EXERCISE PROMPT
Pull every line holding the word "Anti" out of the data and copy it.

-=-=-

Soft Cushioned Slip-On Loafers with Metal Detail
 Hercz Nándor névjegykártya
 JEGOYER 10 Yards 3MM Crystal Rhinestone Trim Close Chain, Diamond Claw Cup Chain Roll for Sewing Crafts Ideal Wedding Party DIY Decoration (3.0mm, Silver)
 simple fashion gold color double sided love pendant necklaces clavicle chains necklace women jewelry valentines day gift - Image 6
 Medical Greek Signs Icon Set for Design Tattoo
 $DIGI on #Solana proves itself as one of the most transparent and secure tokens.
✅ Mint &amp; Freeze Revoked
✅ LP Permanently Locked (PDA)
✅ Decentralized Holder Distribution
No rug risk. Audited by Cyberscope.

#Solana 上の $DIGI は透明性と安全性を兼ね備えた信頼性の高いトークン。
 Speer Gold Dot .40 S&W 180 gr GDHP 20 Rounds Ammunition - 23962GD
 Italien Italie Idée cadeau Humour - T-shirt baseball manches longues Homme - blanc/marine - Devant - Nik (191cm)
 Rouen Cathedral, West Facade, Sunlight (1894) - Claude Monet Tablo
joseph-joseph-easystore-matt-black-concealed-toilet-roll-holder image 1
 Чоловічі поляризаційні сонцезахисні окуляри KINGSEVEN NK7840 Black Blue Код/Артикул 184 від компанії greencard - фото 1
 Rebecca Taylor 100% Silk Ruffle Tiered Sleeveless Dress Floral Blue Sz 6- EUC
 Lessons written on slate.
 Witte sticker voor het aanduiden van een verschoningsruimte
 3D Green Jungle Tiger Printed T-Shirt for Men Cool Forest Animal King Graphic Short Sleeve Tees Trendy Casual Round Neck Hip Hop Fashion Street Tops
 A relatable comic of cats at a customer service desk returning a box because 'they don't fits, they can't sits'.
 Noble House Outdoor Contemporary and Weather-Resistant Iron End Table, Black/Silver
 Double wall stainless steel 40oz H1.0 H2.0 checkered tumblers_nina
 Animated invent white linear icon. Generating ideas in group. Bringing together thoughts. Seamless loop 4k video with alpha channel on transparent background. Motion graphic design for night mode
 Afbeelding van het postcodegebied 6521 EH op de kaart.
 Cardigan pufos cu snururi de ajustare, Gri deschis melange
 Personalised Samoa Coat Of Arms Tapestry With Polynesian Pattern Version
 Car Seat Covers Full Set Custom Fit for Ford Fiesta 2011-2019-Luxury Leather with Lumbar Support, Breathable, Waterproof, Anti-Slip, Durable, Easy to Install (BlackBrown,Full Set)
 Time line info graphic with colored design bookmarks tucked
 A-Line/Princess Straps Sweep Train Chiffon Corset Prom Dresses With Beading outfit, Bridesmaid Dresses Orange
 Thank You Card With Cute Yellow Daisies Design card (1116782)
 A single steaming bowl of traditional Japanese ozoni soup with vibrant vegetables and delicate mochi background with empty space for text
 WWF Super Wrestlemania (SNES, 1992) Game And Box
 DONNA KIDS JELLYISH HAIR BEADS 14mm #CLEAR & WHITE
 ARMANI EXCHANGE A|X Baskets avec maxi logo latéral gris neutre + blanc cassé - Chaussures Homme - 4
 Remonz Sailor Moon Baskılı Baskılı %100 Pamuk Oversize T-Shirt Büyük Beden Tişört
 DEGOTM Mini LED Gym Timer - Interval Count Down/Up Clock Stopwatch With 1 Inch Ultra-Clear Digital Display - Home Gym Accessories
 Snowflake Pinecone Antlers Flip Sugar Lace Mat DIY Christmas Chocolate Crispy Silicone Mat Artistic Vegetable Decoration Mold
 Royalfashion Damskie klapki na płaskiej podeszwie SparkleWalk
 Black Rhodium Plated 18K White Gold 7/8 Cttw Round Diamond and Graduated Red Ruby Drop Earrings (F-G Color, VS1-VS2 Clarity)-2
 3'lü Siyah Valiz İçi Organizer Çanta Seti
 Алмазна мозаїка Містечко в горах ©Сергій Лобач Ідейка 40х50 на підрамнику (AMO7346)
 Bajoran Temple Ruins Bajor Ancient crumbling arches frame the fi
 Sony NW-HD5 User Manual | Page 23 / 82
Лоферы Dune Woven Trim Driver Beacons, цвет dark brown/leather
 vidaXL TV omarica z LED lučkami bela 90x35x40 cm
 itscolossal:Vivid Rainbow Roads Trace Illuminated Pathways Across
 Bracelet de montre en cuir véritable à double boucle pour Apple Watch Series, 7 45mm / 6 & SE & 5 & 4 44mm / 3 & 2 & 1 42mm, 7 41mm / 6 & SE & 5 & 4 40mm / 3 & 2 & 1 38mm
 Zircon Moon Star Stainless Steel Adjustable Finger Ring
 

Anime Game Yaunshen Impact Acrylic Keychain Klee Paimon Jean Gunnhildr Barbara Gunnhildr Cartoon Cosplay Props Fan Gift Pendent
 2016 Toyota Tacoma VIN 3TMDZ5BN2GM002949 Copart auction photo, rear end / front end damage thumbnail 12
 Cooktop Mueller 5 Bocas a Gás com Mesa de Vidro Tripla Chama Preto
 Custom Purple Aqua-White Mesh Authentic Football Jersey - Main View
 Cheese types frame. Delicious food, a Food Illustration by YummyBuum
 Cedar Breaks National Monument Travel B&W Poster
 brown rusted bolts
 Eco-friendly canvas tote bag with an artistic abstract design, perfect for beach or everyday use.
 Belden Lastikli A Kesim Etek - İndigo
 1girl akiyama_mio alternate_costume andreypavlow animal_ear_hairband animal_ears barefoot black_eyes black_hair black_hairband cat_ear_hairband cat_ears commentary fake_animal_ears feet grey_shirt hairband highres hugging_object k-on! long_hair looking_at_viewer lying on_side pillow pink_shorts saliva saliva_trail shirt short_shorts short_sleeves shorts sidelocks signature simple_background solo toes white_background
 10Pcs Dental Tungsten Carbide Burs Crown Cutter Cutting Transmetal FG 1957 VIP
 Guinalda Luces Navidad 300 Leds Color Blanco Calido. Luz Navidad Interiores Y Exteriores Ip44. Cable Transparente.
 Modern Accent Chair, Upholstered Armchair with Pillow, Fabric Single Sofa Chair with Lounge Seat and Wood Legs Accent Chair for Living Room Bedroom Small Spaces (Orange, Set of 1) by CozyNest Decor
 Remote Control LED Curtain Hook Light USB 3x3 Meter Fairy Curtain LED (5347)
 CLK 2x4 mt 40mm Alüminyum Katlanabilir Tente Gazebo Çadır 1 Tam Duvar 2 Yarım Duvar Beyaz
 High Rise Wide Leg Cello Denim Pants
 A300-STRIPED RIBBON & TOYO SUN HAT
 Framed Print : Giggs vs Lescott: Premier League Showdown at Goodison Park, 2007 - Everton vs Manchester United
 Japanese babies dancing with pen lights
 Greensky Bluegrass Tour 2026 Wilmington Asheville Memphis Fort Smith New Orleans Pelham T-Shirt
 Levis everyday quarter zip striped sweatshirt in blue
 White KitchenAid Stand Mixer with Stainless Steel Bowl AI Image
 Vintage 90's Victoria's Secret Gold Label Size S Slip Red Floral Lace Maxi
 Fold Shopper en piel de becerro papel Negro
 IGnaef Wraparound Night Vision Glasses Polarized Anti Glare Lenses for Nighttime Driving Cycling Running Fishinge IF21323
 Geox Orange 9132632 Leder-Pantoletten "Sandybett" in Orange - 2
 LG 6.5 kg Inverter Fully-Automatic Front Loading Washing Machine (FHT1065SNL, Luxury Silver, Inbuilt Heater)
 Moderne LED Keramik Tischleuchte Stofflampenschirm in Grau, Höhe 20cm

-=-=-

SOLUTION
 Car Seat Covers Full Set Custom Fit for Ford Fiesta 2011-2019-Luxury Leather with Lumbar Support, Breathable, Waterproof, Anti-Slip, Durable, Easy to Install (BlackBrown,Full Set)
 IGnaef Wraparound Night Vision Glasses Polarized Anti Glare Lenses for Nighttime Driving Cycling Running Fishinge IF21323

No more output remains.